Fast memory strings detection

It is nothing new: malware and shellcode like to obfuscate their strings by constructing them dynamically on the stack or in memory. While Malcat's string detection algorithms are relatively good, such dynamic strings were completely missed.

That was until today. In Malcat 0.8.2, we have added a new analysis pass for all x86 and x64 executables which recovers dynamically constructed strings. These strings are then listed among all other found strings as "DYN" strings:

Dynamic strings in string view
Figure 1: Dynamic strings in string view

So how does it work? Usually, stack string detection is performed using one of these two techniques:

  • Pattern matching (i.e. regexp) of standard stack-string construction patterns: very fast, but not very precise
  • Binary emulation (like the excellent FLOSS from FireEye): very powerful but quite slow

Since Malcat is and should stay a fast analysis tool, we tried to reach a compromise between those two techniques. That's why we combined the better of both worlds:

  • We identify interesting basic blocks using a fast heuristic
  • We emulate those basic blocks using a very simplified x86 emulator supporting only a handful of instructions
  • We scan memory at the end of every emulation pass to recover interesting strings

Since this technique operates on a basic-block basis, it won't allow you to recover encrypted strings or stack strings defined over multiple basic blocks (unlike FLOSS). But on the other hand, it is very fast and you can recover 99% of the stack strings in a few milliseconds. Noice.

Annotated disassembly around stack string construction
Figure 2: Annotated disassembly around stack string construction

In the disassembly view, code responsible for string creation also gets annotated accordingly (see above). We hope you will enjoy this feature.

ISO and UDF file systems support

CD and DVD images are currently gaining popularity among threat actors. While opening .iso and .img files is pretty straightforward using your OS's toolset, having to mount a file system every single time can soon become a chore. That is why we have added support for the ISO 9660 and UDF file systems to Malcat. ISO 9660 is an older file format which is the most commonly used for CDs. UDF (Universal Disk Format) is a more recent format managed by OSTA (Optical Storage Technology Association), and was created to overshadow the shortcomings of the ISO standard. That is the most common file system found in DVDs.

Parsing an ISO image in malcat
Figure 3: Parsing an ISO image in malcat

Since these file formats are pretty broad and complex, we did not implement parsing for the full set of structures used, but focused on the few structures which are necessary to parse and open files:

  • the ISO file format parser is limited to basic ISO 9660 structures and ignores (for now) Joliet and Rock Ridge extensions
  • the UDF file format parser only support volume, partition and files-related structures

Nonetheles, you may be able to extract interesting metadata from these file formats, like access times or tool copyright notices which may be relevant for theat hunting.
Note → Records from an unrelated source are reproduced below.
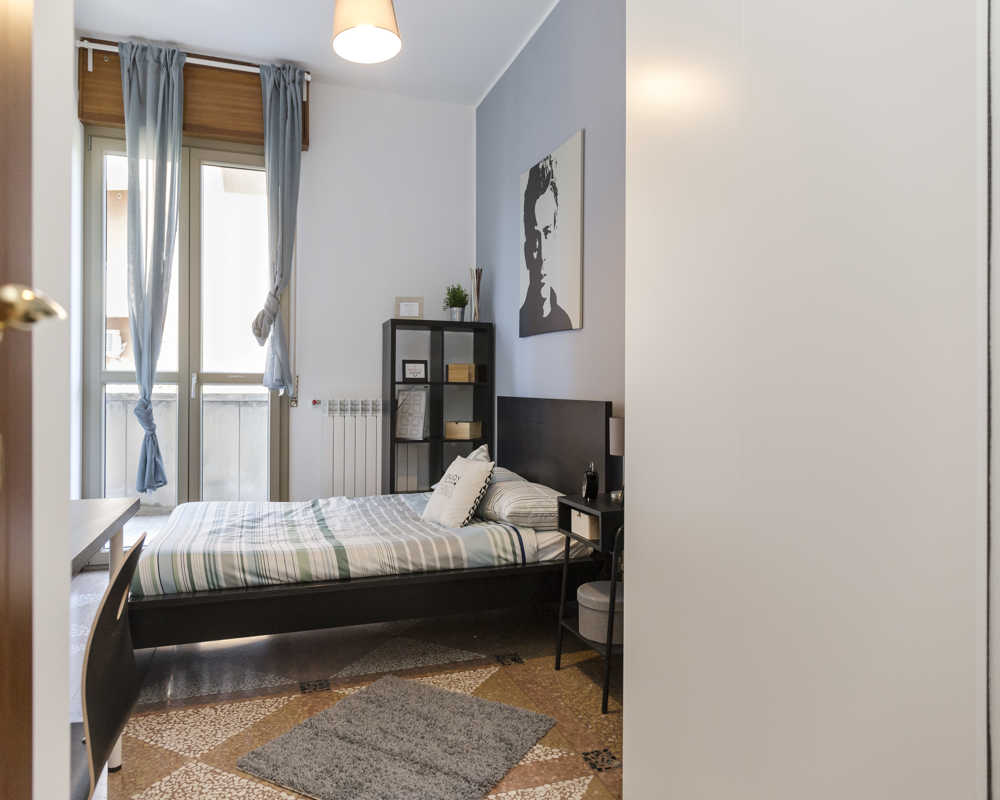 Chambre simple Bologne, 6 chambres, 16m² — photo 2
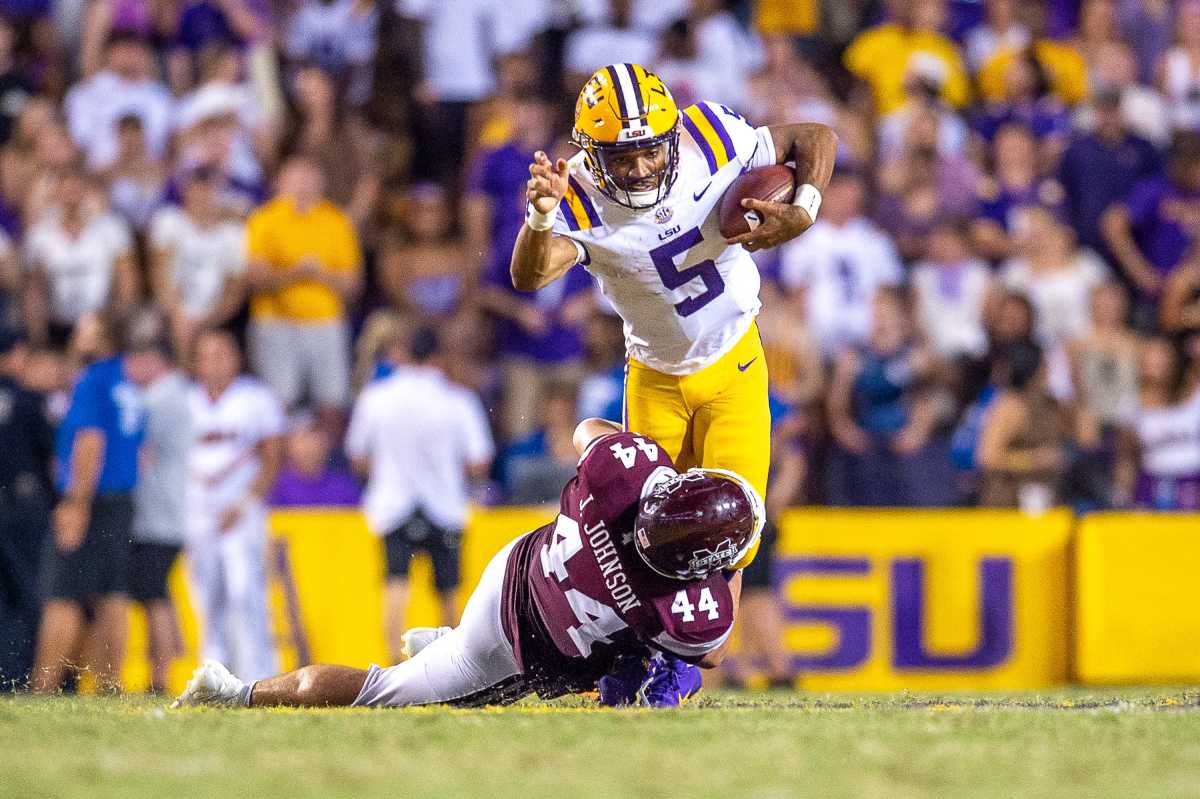 Jayden Daniels runs the ball as the LSU Tigers take on the Mississippi State Bulldogs at Tiger Stadium in Baton Rouge, Louisiana, USA. Saturday, Sept. 17, 2022. Saturday, Sept. 17, 2022. Lsu Vs Miss State Football V3 0934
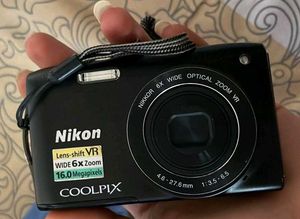 Nikon Coolpix S3300 Digital Camera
Moreover, all identified files can be opened in-app inside Malcat, which is pretty convenient.

Py2Exe scripts disassembly

Python malware, while not predominant, are slowly gaining popularity among threat actors due to their relativel low detection rate. The main drawback of using python for malware is the impossibility to execute python scripts on most Windows systems. In order to solve this issue, malware authors usually package their scripts in standalone PE executables using either PyInstaller or py2exe. Malcat has had support for PyInstaller archives for some times now, since it is the most popular installer. But starting from version 0.8.2 we have decided to add support for py2exe programs as well.

A standard py2exe PE file
Figure 4: A standard py2exe PE file

Py2exe programs are PE stubs which embed 3 files:

  • the python DLL, in a resource named PYTHON<VERSION>.DLL
  • the python distribution, packed inside a ZIP archive usually stored in the PE's overlay
  • the application python modules, stored inside a resource named PYTHONSCRIPT

The main file of interest is of course the PYTHONSCRIPT resource. Py2exe uses a custom format to store the python script: a short py2exe header (magic: 0x12345678) followed by a marshalled list of python modules. Since Malcat already has support for marshalled python files (.pyc files are marshalled code objects after all), adding support for py2exe scripts was relatively easy. The only difficulty was infering the python version. In fact, the py2exe header does not containg any python magic which could tell us which version of python is used. Sure there is a resource named PYTHON<VERSION>.DLL inside the PE, but some malware authors like to rename this resource to avoid detection.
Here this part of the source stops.